## Extracted information
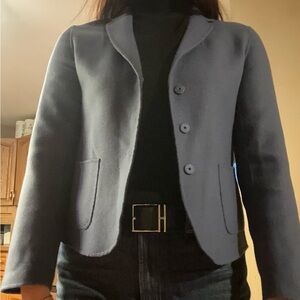 Women'sMaxMara pure wool Blue Blazer size 10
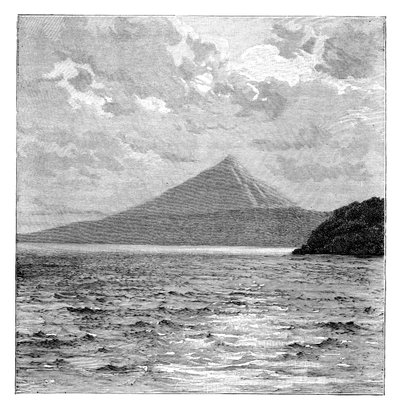 Mombacho Volkanı ve Nikaragua Gölü kıyıları, c1890 by Unbekannt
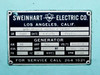 Sweinhart 30 KW Motor Generator 480V 47 Amps 3ph to 230V 50Hz 156 Amps
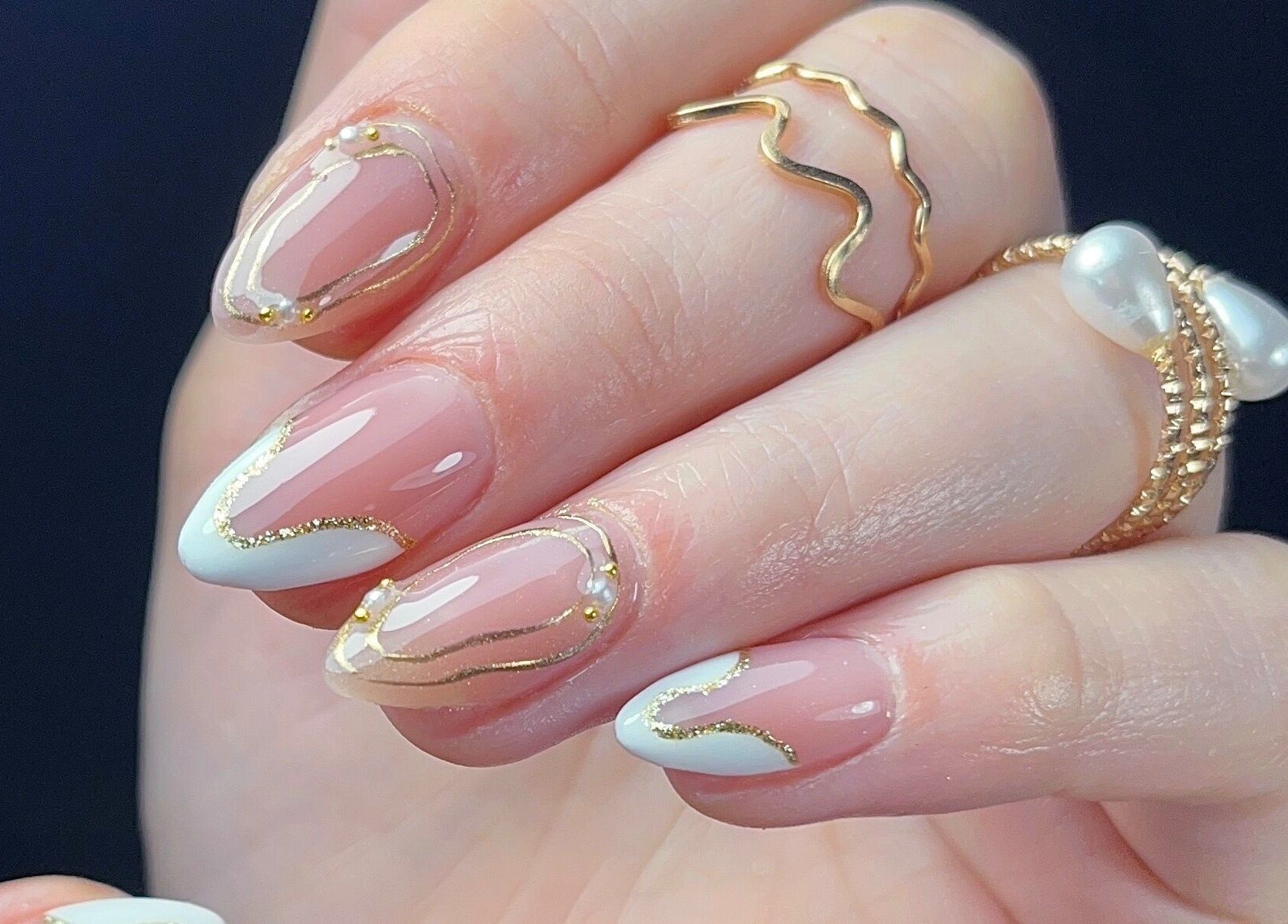 Diseño de uñas elegante en Yoss Nails, Memphis, Tennessee, US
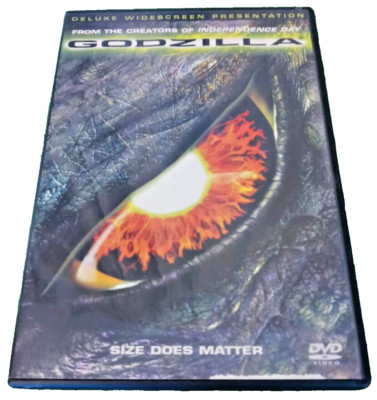 Deluxe Widescreen Vintage 1998 Godzilla Size Does Matter DVD PG-13-image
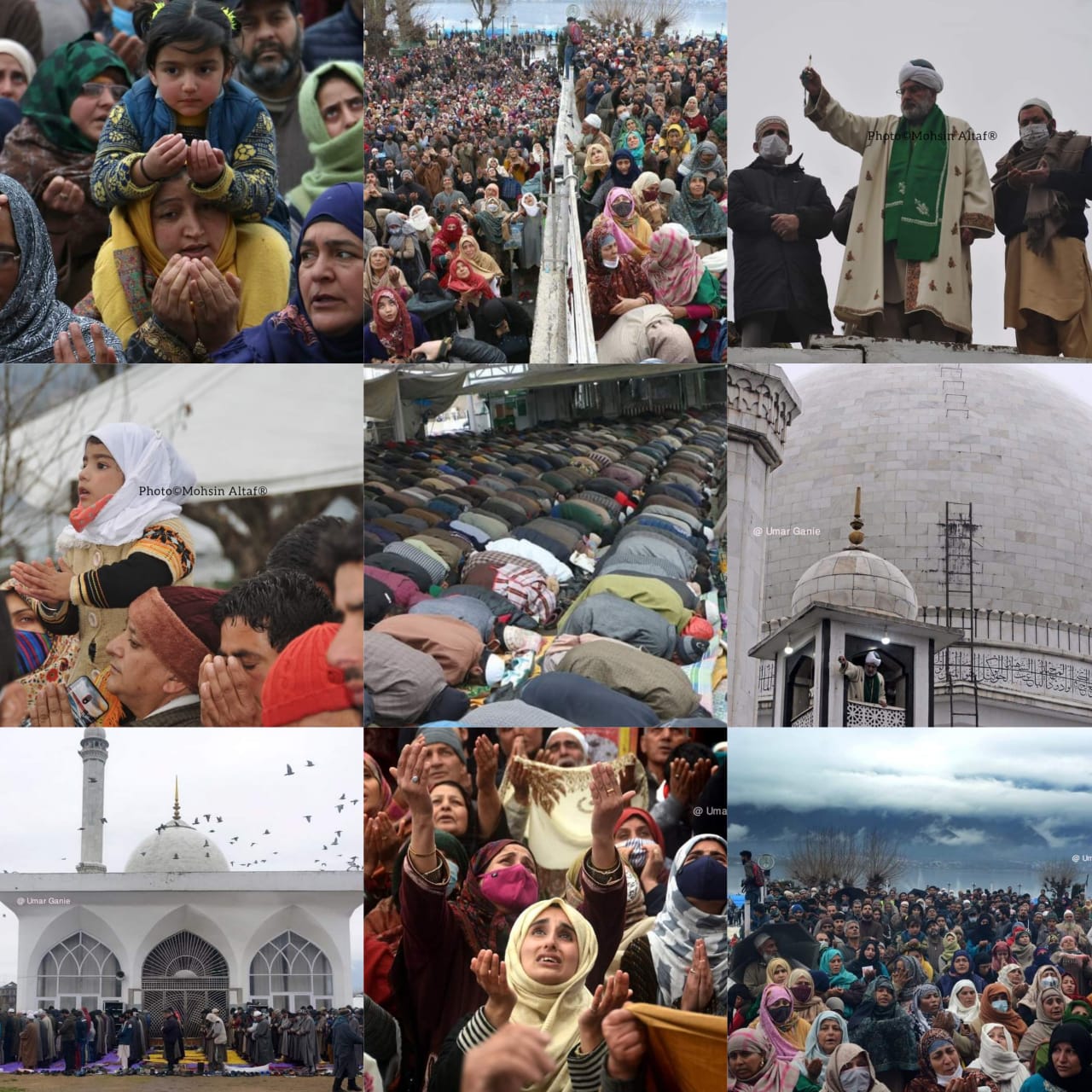 Mehraj-e-Alam: Thousands converge at Hazratbal shrine to have glimpse of Holy Relic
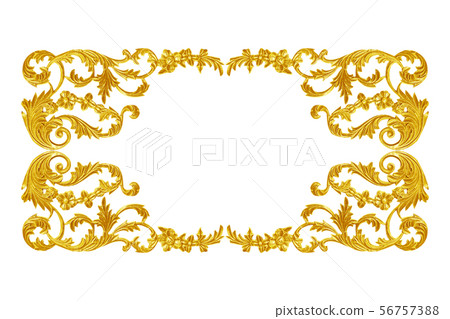 Ornament elements, vintage gold floral designs Ornament elements, vintage gold floral designs 56757388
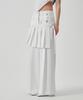 Teulimingbeodeu Flowing Pleated Layered Pants [ White ]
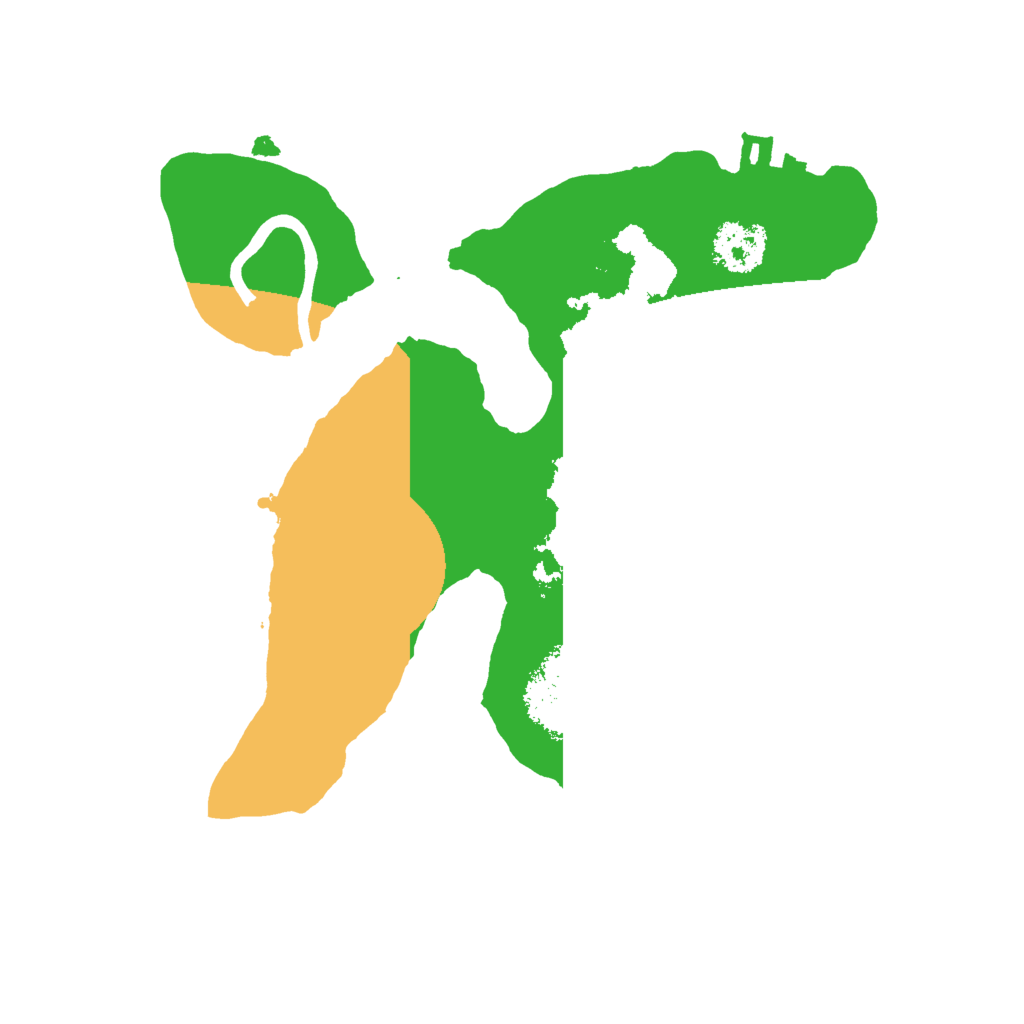 Biome Rust Map: Procedural Map, Size: 2000, Seed: 4489582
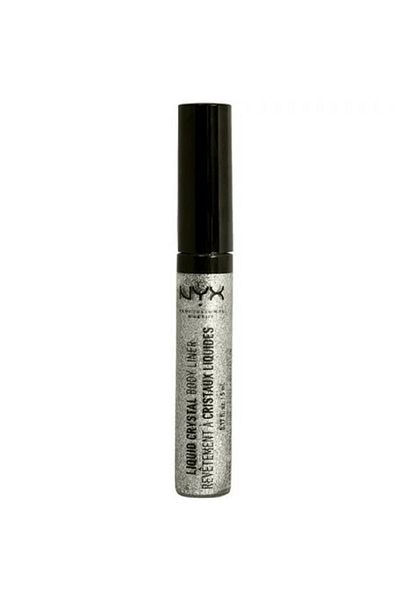 NYX Professional Makeup Tus de Ochi stralucitor, NYX Professional Makeup, Liquid Crystal Glitter Body Liner, Silver, 5 ml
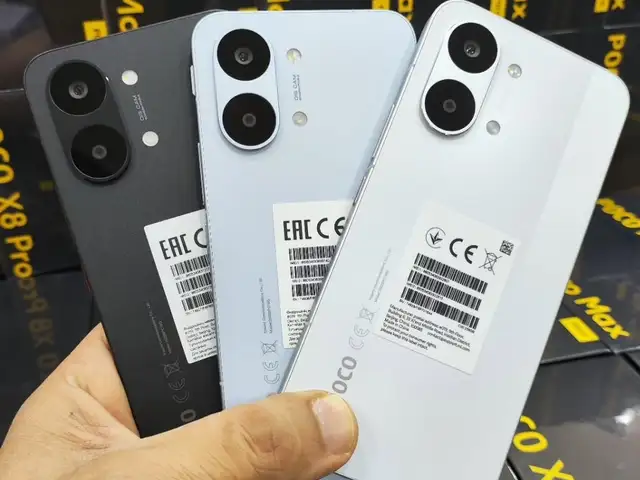 Xiaomi Poco X8pro max 5G 12+6/256Gb black, Душанбе
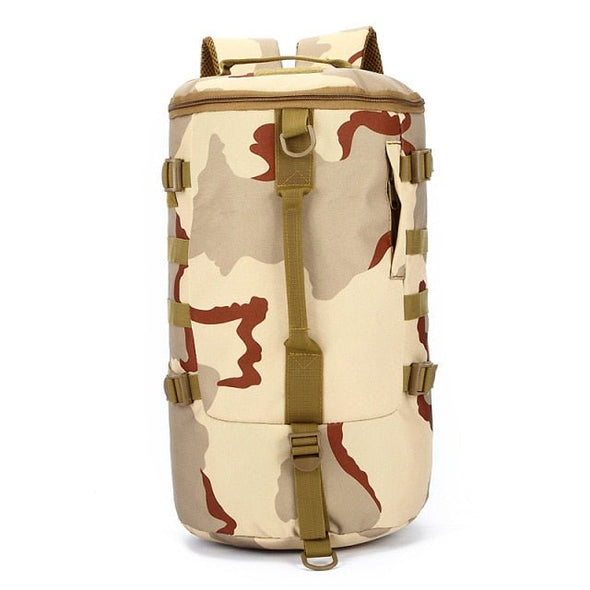 Camouflage Tactical Portable Army Duffel Backpack - KNAMAO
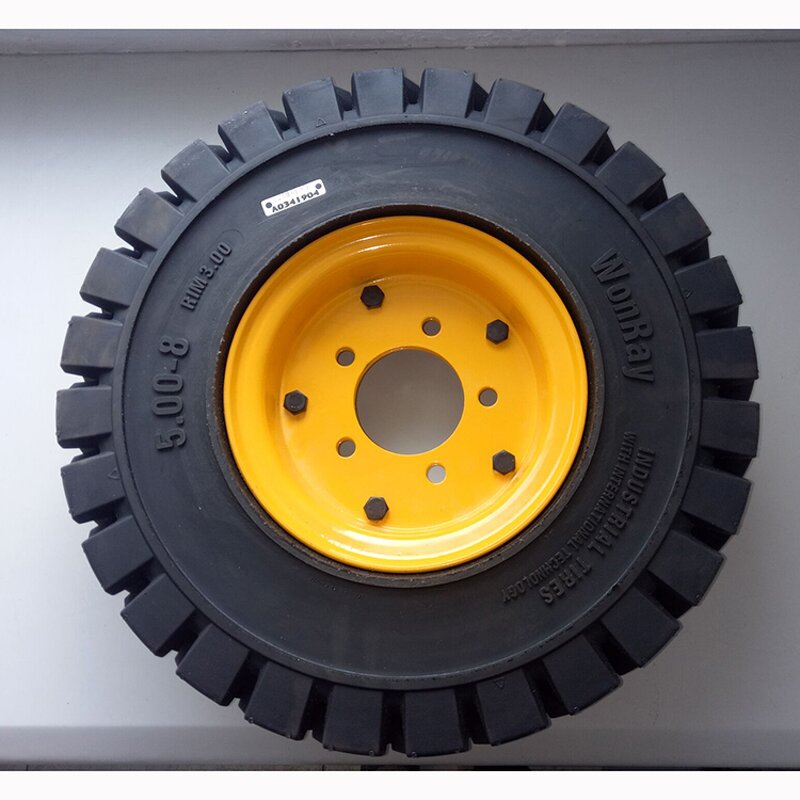 Shipping Container Dolly Wheel Manufacturer - Heavy Duty Caster Solid Tire 7.00-9 6.00-9 7.00-15 7.50-15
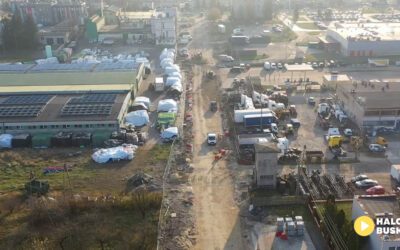 Trwają remonty w Busku-Zdroju – miasto w trakcie zmian z lotu ptaka (VIDEO)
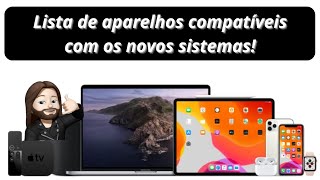 Novos Sistemas da Apple Seu aparelho irá receber [upl. by Anirdna]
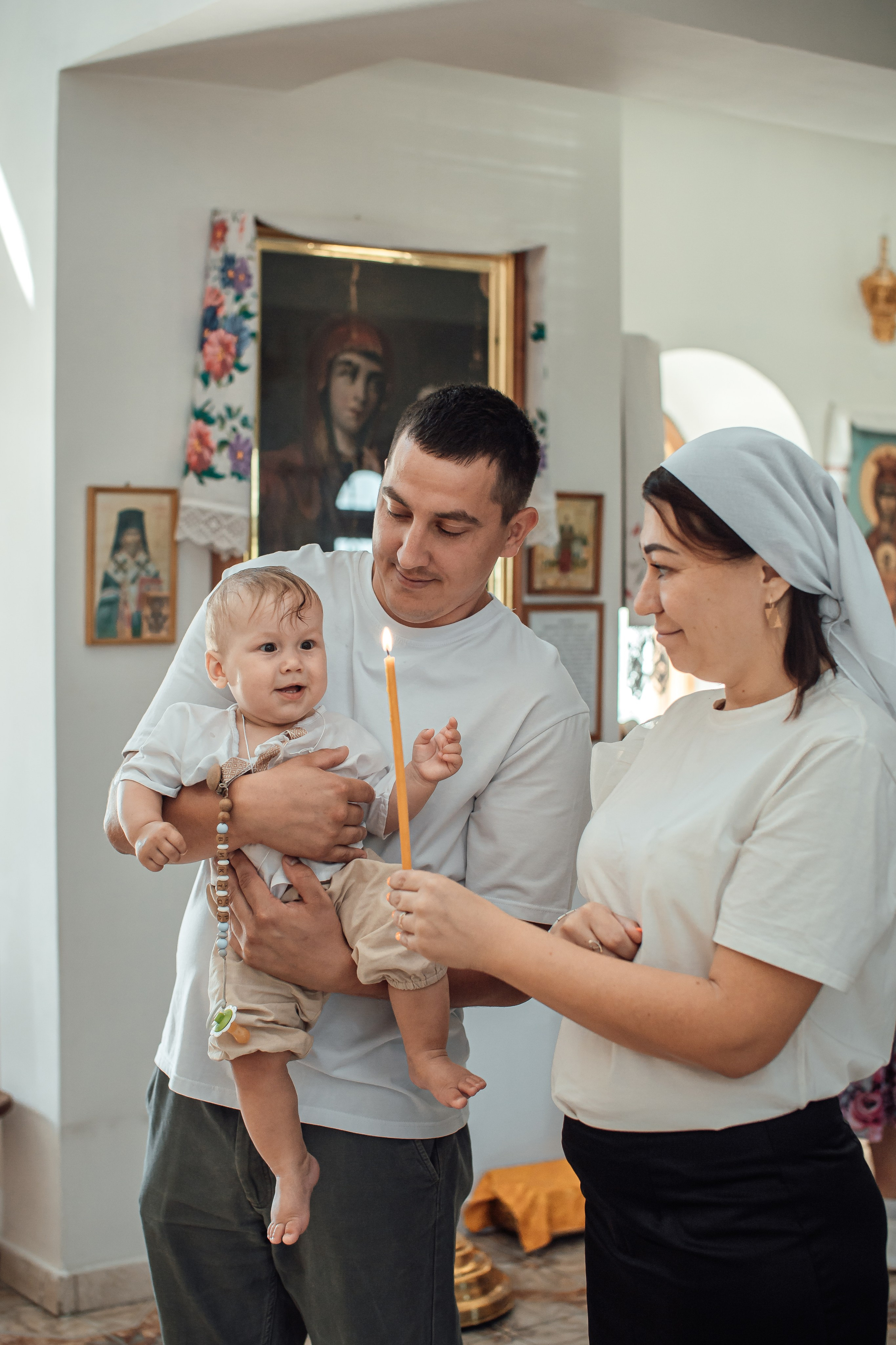 Таинство крещения. Фотограф Arina Elatova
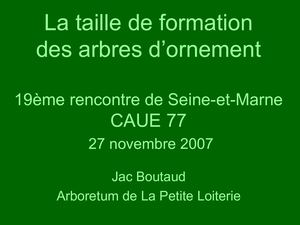 (ARBO-19)-Taille de formation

## Task to carry out
Reproduce the records in full, exactly as they appear, and show none of the pictures.

## Solution for this task
 Women'sMaxMara pure wool Blue Blazer size 10
 Mombacho Volkanı ve Nikaragua Gölü kıyıları, c1890 by Unbekannt
 Sweinhart 30 KW Motor Generator 480V 47 Amps 3ph to 230V 50Hz 156 Amps
 Diseño de uñas elegante en Yoss Nails, Memphis, Tennessee, US
 Deluxe Widescreen Vintage 1998 Godzilla Size Does Matter DVD PG-13-image
 Mehraj-e-Alam: Thousands converge at Hazratbal shrine to have glimpse of Holy Relic
 Ornament elements, vintage gold floral designs Ornament elements, vintage gold floral designs 56757388
 Teulimingbeodeu Flowing Pleated Layered Pants [ White ]
 Biome Rust Map: Procedural Map, Size: 2000, Seed: 4489582
 NYX Professional Makeup Tus de Ochi stralucitor, NYX Professional Makeup, Liquid Crystal Glitter Body Liner, Silver, 5 ml
 Xiaomi Poco X8pro max 5G 12+6/256Gb black, Душанбе
 Camouflage Tactical Portable Army Duffel Backpack - KNAMAO
 Shipping Container Dolly Wheel Manufacturer - Heavy Duty Caster Solid Tire 7.00-9 6.00-9 7.00-15 7.50-15
 Trwają remonty w Busku-Zdroju – miasto w trakcie zmian z lotu ptaka (VIDEO)
 Novos Sistemas da Apple Seu aparelho irá receber [upl. by Anirdna]
 Таинство крещения. Фотограф Arina Elatova
 (ARBO-19)-Taille de formation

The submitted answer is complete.